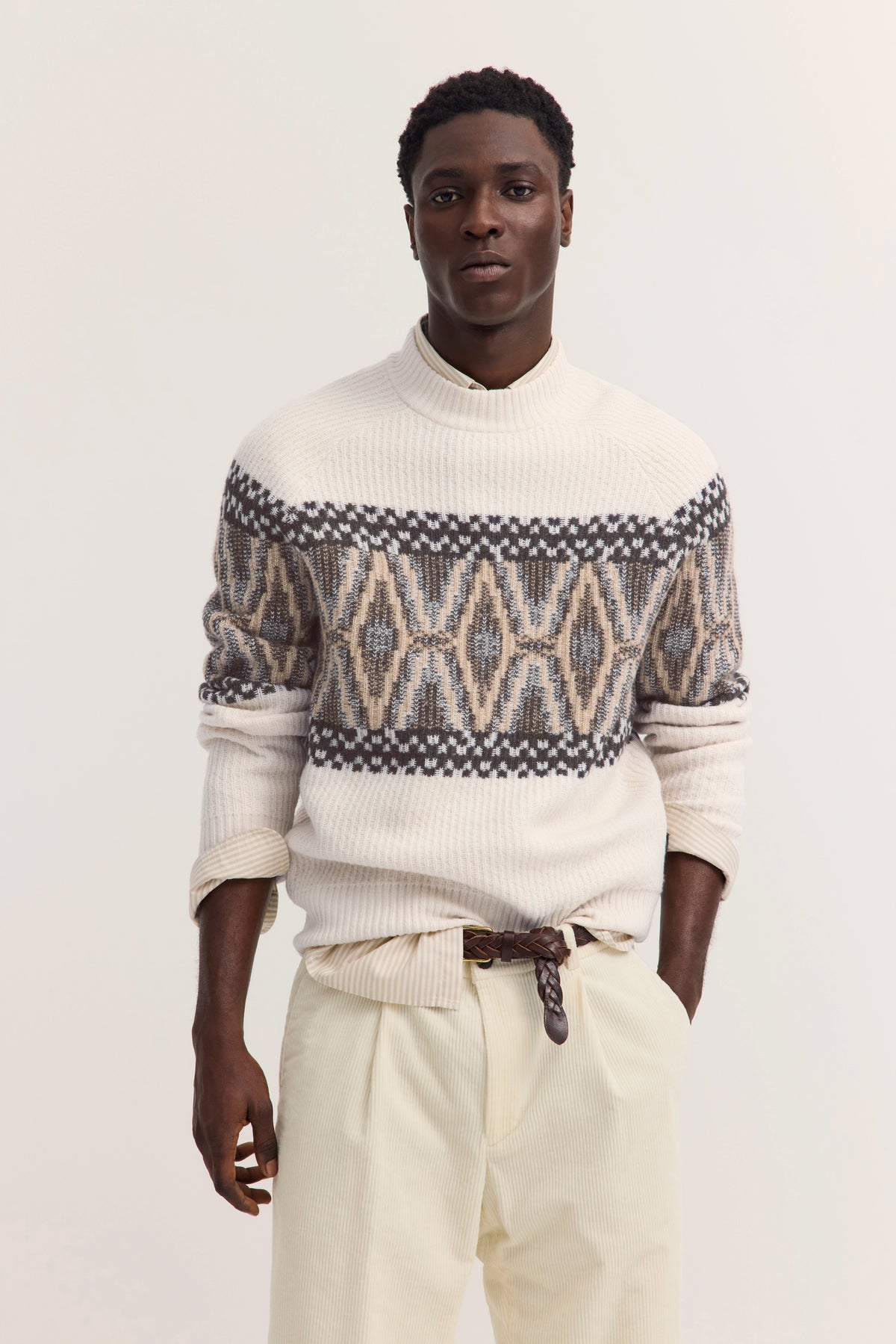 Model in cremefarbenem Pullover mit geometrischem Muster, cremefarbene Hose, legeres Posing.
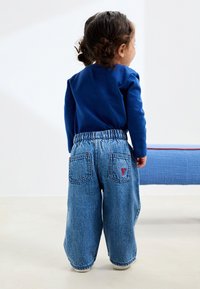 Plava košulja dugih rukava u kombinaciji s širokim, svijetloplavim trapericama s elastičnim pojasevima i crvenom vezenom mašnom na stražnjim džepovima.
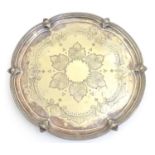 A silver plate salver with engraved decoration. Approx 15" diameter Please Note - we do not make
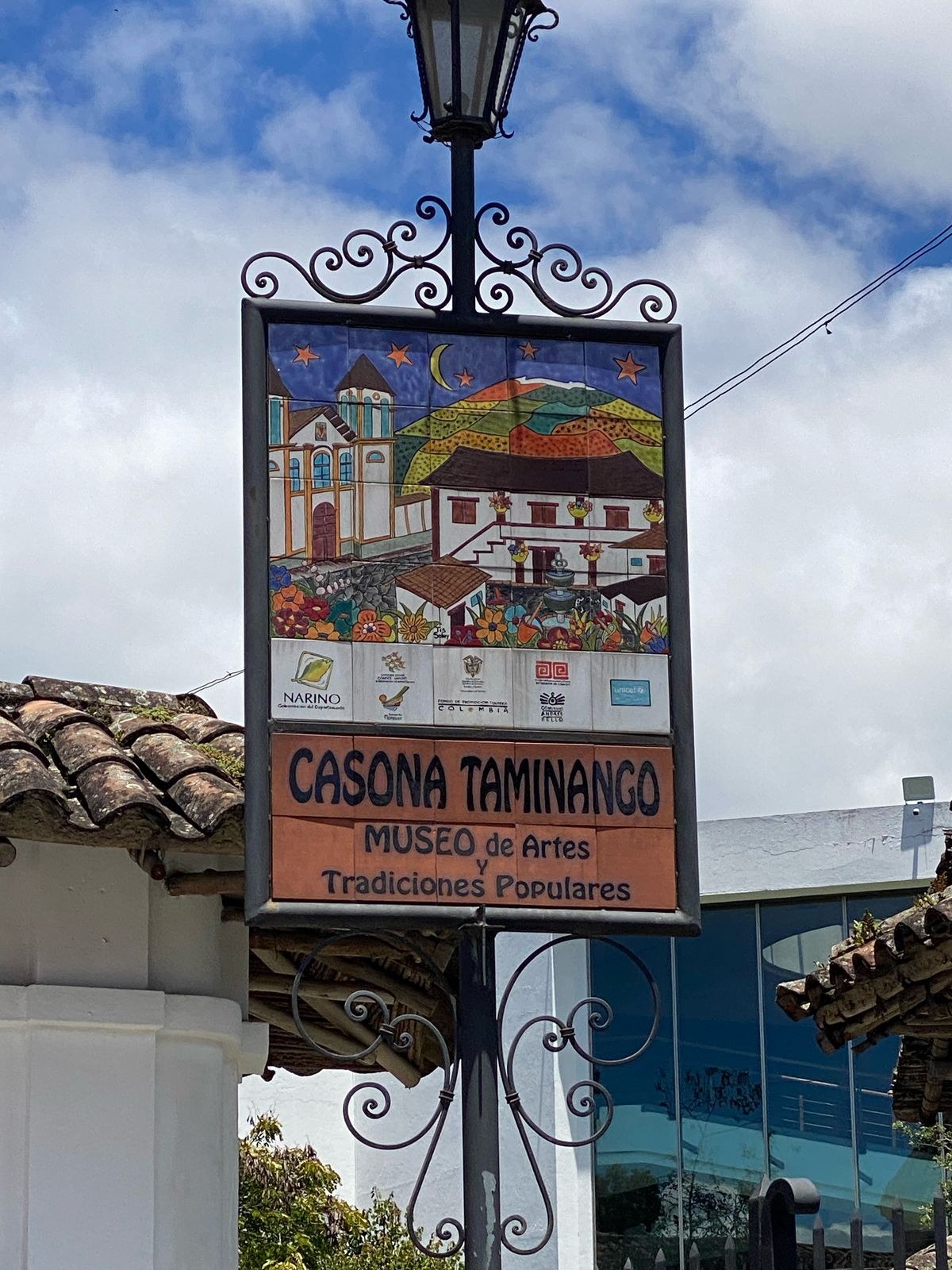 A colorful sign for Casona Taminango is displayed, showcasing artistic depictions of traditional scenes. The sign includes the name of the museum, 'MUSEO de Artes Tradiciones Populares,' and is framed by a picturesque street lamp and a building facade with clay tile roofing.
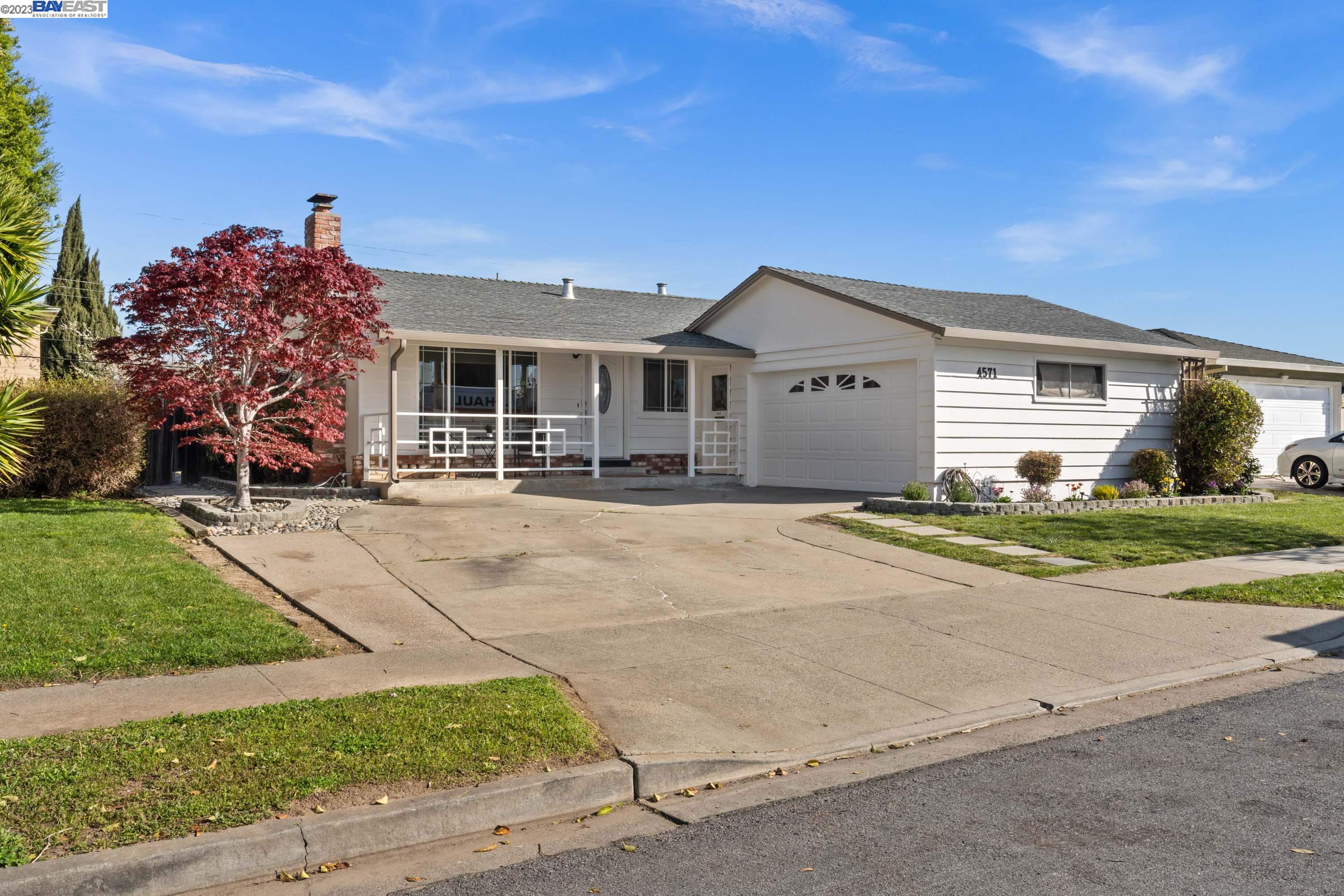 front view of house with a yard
********************
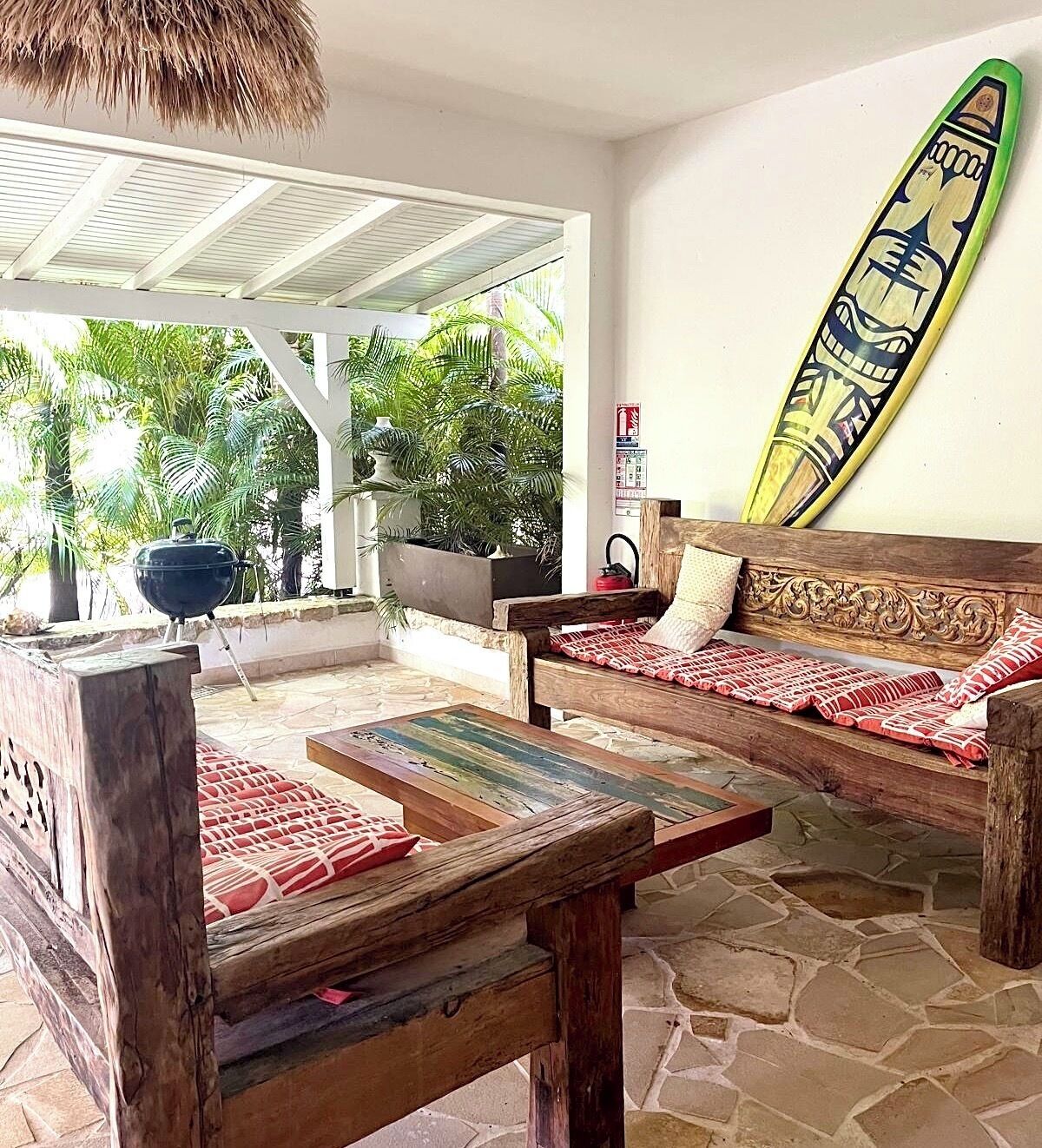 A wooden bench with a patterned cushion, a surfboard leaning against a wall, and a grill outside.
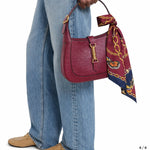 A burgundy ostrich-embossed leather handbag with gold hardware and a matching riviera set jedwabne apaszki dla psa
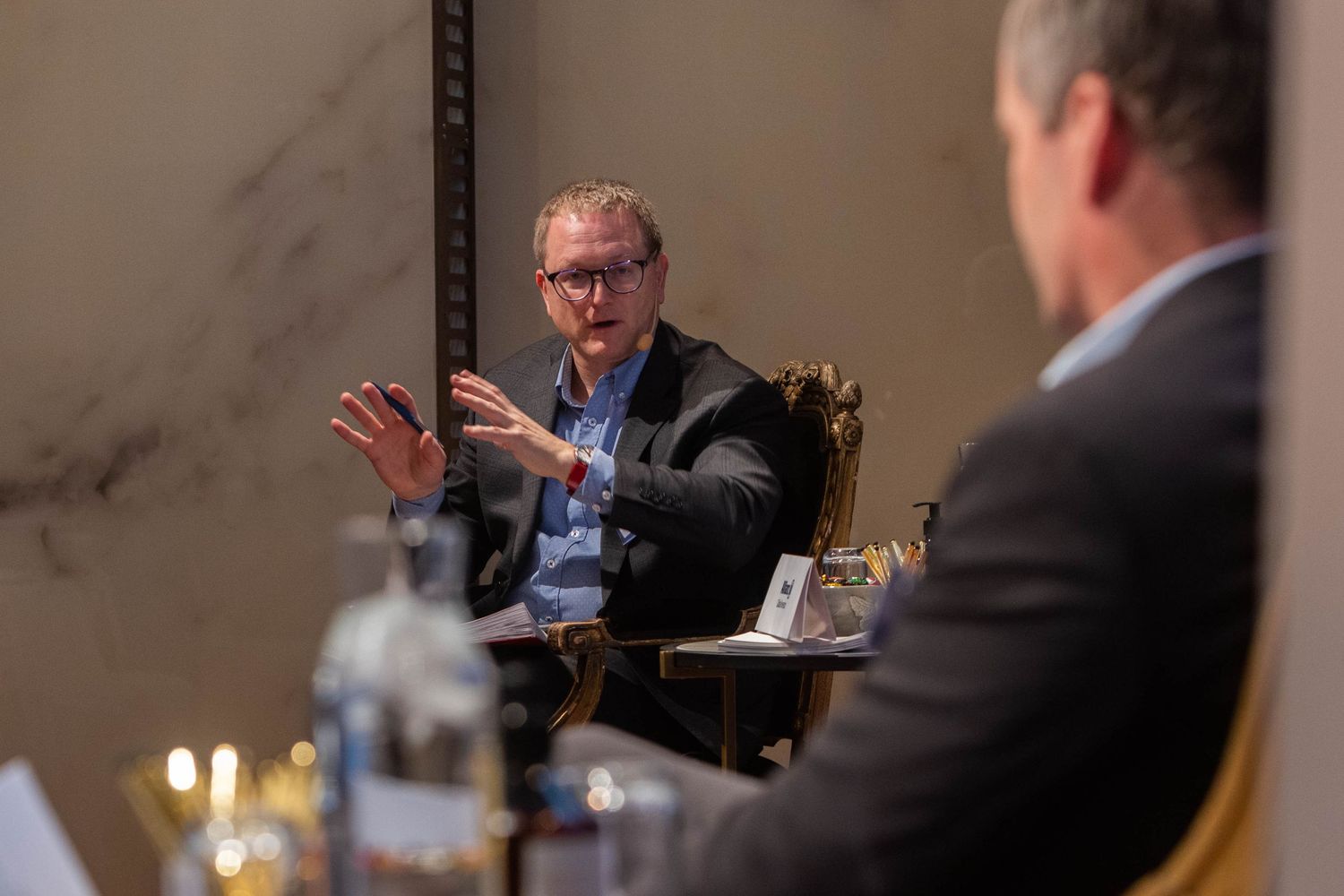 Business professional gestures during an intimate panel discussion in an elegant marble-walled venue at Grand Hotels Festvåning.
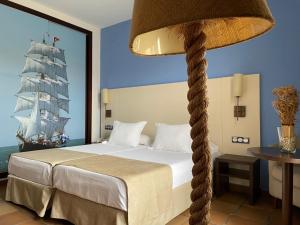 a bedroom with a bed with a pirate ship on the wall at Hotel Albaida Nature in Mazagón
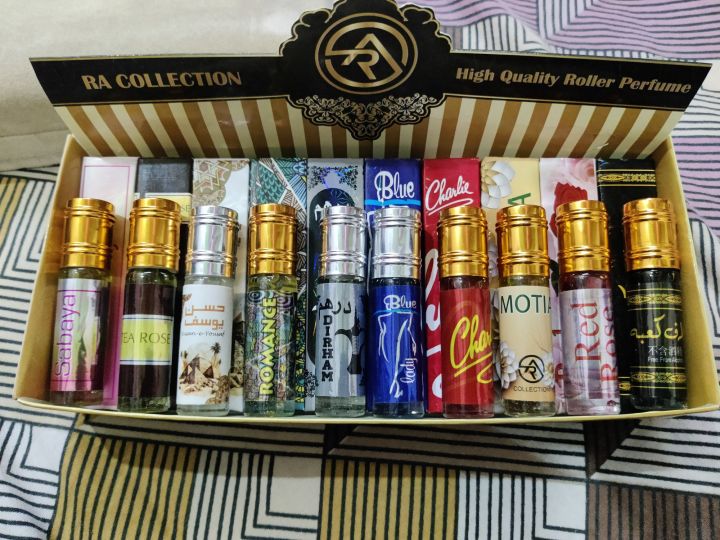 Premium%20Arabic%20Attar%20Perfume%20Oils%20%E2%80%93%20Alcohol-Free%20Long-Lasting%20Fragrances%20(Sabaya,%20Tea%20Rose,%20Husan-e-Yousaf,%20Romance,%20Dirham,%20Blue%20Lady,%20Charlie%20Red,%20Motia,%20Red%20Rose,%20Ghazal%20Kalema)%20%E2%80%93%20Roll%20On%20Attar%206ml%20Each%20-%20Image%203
********************
◆ THE PROBLEM: Only the lines starting at the one with "Model in cremefarbenem" and ending at the one with "Plava košulja dugih" should be printed, each exactly as it appears in the material above; the pictures are to be omitted.

◆ THE ANSWER:
 Model in cremefarbenem Pullover mit geometrischem Muster, cremefarbene Hose, legeres Posing.
 Plava košulja dugih rukava u kombinaciji s širokim, svijetloplavim trapericama s elastičnim pojasevima i crvenom vezenom mašnom na stražnjim džepovima.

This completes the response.